That account contradicted U.S. assertions that the United States and Israel see eye to eye on Iran and appears to confirm accounts in the Israeli media that the meeting turned into a shouting match.

“It didn’t happen,” Shapiro had said Sunday in an interview with Israel’s Channel 2 when asked about the exchange.

Rogers said that Netanyahu does not believe President Obama would attack to prevent Iran from getting a nuclear weapon, and that the Israeli leader was frustrated that the United States has not set out clear “red lines” that would trigger a U.S. attack.

State Department spokesman Edgar Vasquez declined to comment on the Rogers remarks Thursday, but said the U.S. relationship with Israel remains extremely strong.

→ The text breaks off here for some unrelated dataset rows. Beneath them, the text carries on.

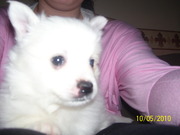 honden foto van Samantha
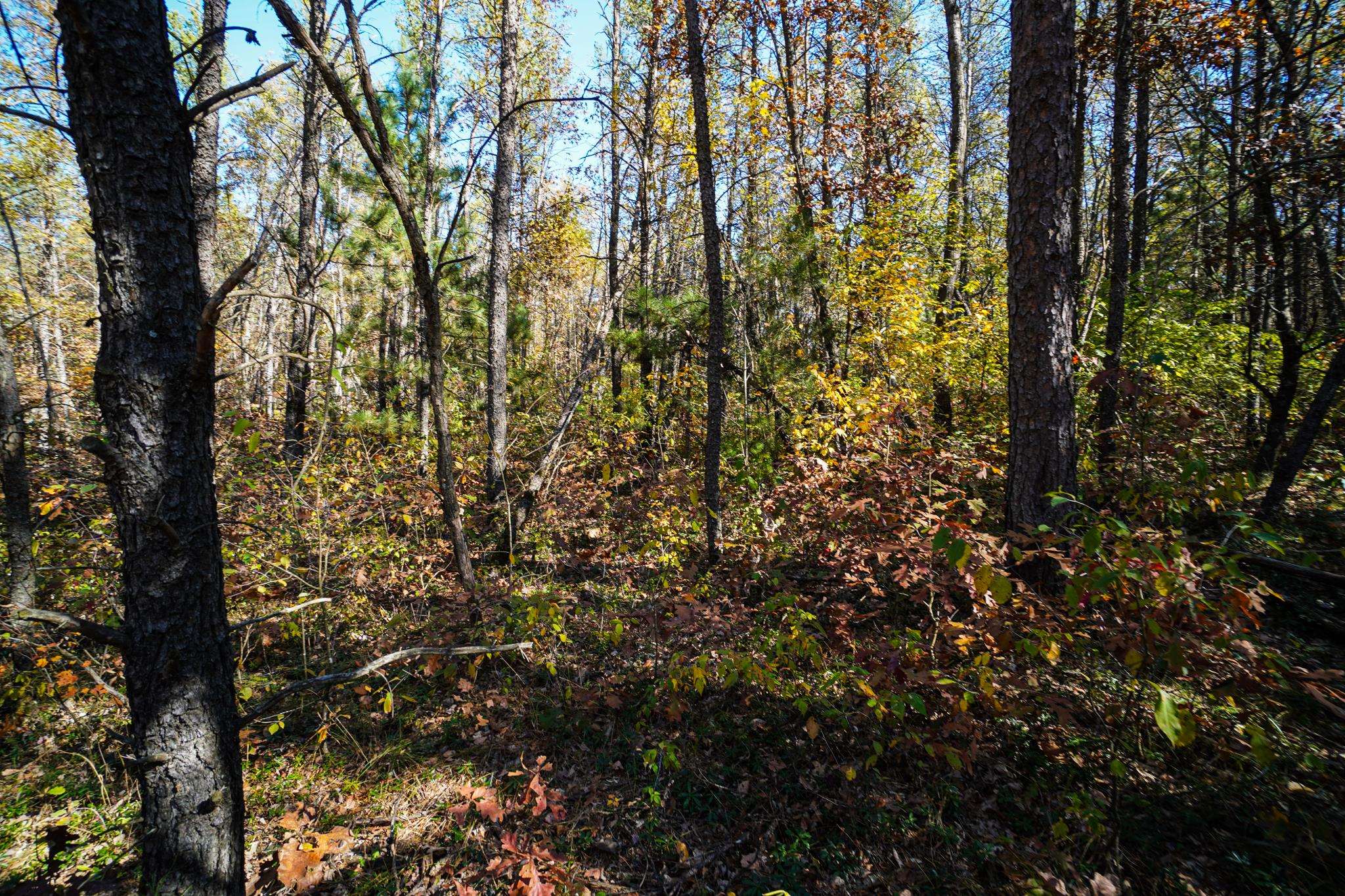 Lot 32 Koval Road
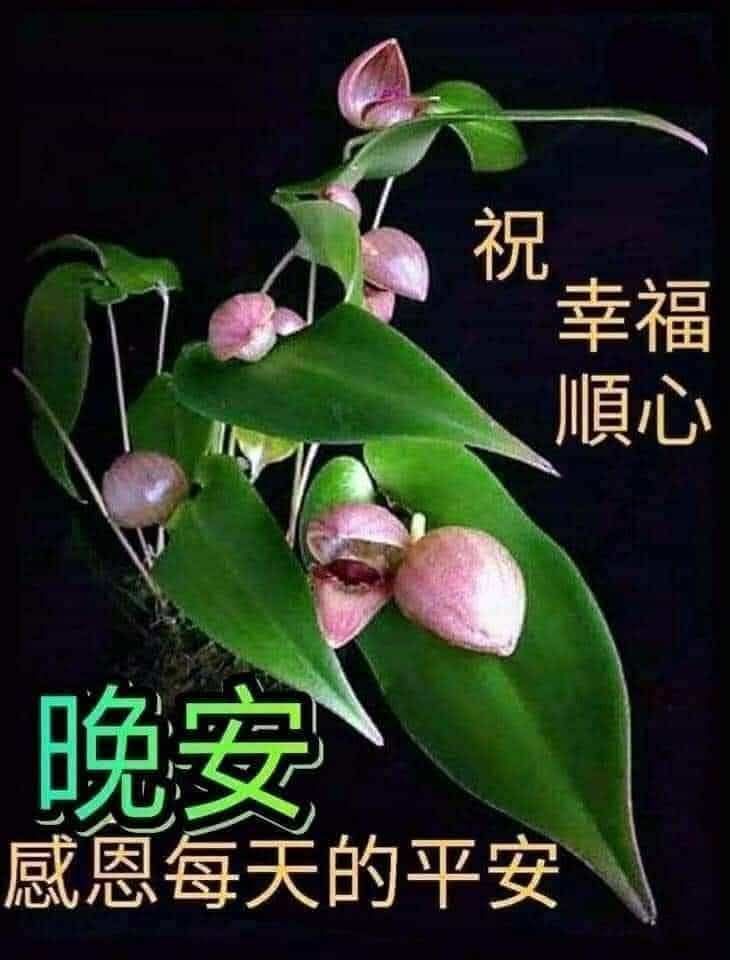 嗨～你好！早安 午安 晚安美圖分享 | 💞#朋友們週末晚安舒心好眠💞 | Facebook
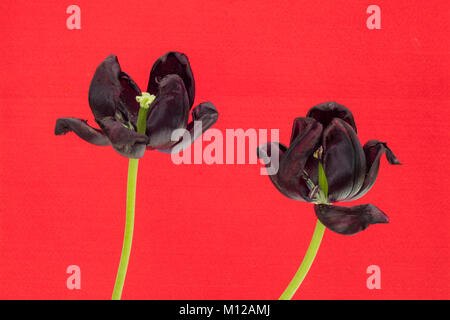 Detail der dunkel violett getrocknet Tulpen im roten Hintergrund. Stockfoto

On Monday, Netanyahu said military action against Iran’s nuclear program could be averted if the world set such a clear boundary that it would not permit Iran to cross.

Rogers, a frequent critic of Obama on Iran and other issues, said he thinks Israel will launch its own preemptive attack on Iran soon, when Israeli military capability has the best chance of damaging the Iranian program.

That likelihood could change if the White House can convince Israeli leaders that the United States would really do the job later, Rogers said.

“We’ve had sharp exchanges with other heads of state and other things, in intelligence services and other things, but nothing at that level that I’ve seen in all my time where people were clearly that agitated, clearly that worked up about a particular issue, where there was a very sharp exchange.”

Israeli and U.S. leaders have said repeatedly that “all options are on the table” to contain Iran’s nuclear ambitions, including a military strike. Netanyahu told Defense Secretary Leon E. Panetta on Aug. 1 that time “is running out” for a peaceful solution to Iran’s atomic program.